By using the intrinsic polymorphism nature of Nb₂O₅ material, we employ three typical Nb₂O₅ phases (orthorhombic (T), tetragonal (M) and monoclinic (H) phases) in a single material, and optimize the phase composition to form nanodomains, which are achieved by carefully adjusting the calcination parameters. The resulting sponge-like Nb₂O₅ nanoplate anodes exhibit attractive rate performance and cycle stability. Specifically, the optimized electrode shows a reversible capacity of 321 mAh g⁻¹ at 1 C (1 C = 200 mA g⁻¹) after 200 cycles. At a high current density of 10 C, the electrode delivers a reversible capacity of 152 mAh g⁻¹. Long term durability tests show that the electrode performs an excellent cycling performance at a current density of 5 C over 1000 cycles with a capacity loss of 0.06 mAh g⁻¹ per cycle. The excellent lithium storage properties are due to the unique multiple phases and nanoscale interface inside the electrode, which facilitate the storing of more ions and the rapid ion transportation during the charging/discharging process. The proposed electrode design strategy provides an alternative route to develop advanced electrodes for energy storage.
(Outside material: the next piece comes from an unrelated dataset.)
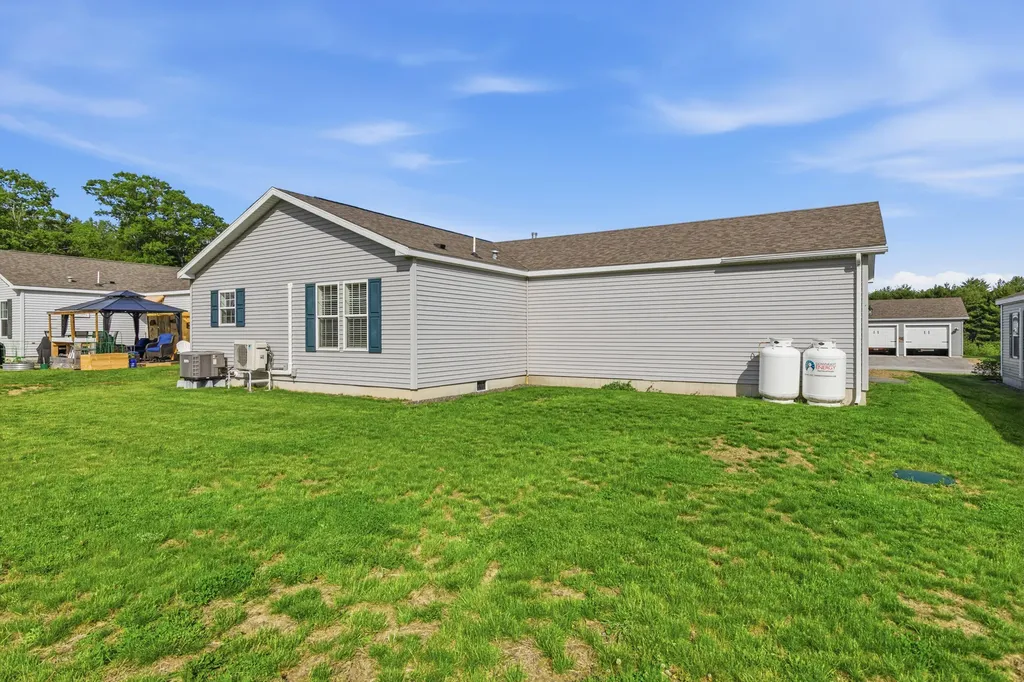 14 David Drive Scarborough ME 04074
通过利用 Nb ₂ O ₅材料的固有多态性，我们在单一材料中采用三种典型的 Nb ₂ O ₅相（正交 (T)、四方 (M) 和单斜 (H) 相），并优化相组成以形成纳米域，这是通过仔细调整煅烧参数来实现的。所得海绵状Nb ₂ O ₅纳米板阳极表现出有吸引力的倍率性能和循环稳定性。具体而言，优化的电极在 200 次循环后在 1 C (1 C = 200 mA g ^-1 ) 下显示出 321 mAh g ^-1的可逆容量。在 10 C 的高电流密度下，电极提供 152 mAh g 的可逆容量^-1。长期耐久性测试表明，该电极在 5 C 的电流密度下在 1000 次循环中表现出优异的循环性能，每次循环的容量损失为 0.06 mAh g ^-1。优异的锂储存性能是由于电极内部独特的多相和纳米级界面，有利于在充电/放电过程中储存更多的离子和快速的离子传输。所提出的电极设计策略为开发用于储能的先进电极提供了另一种途径。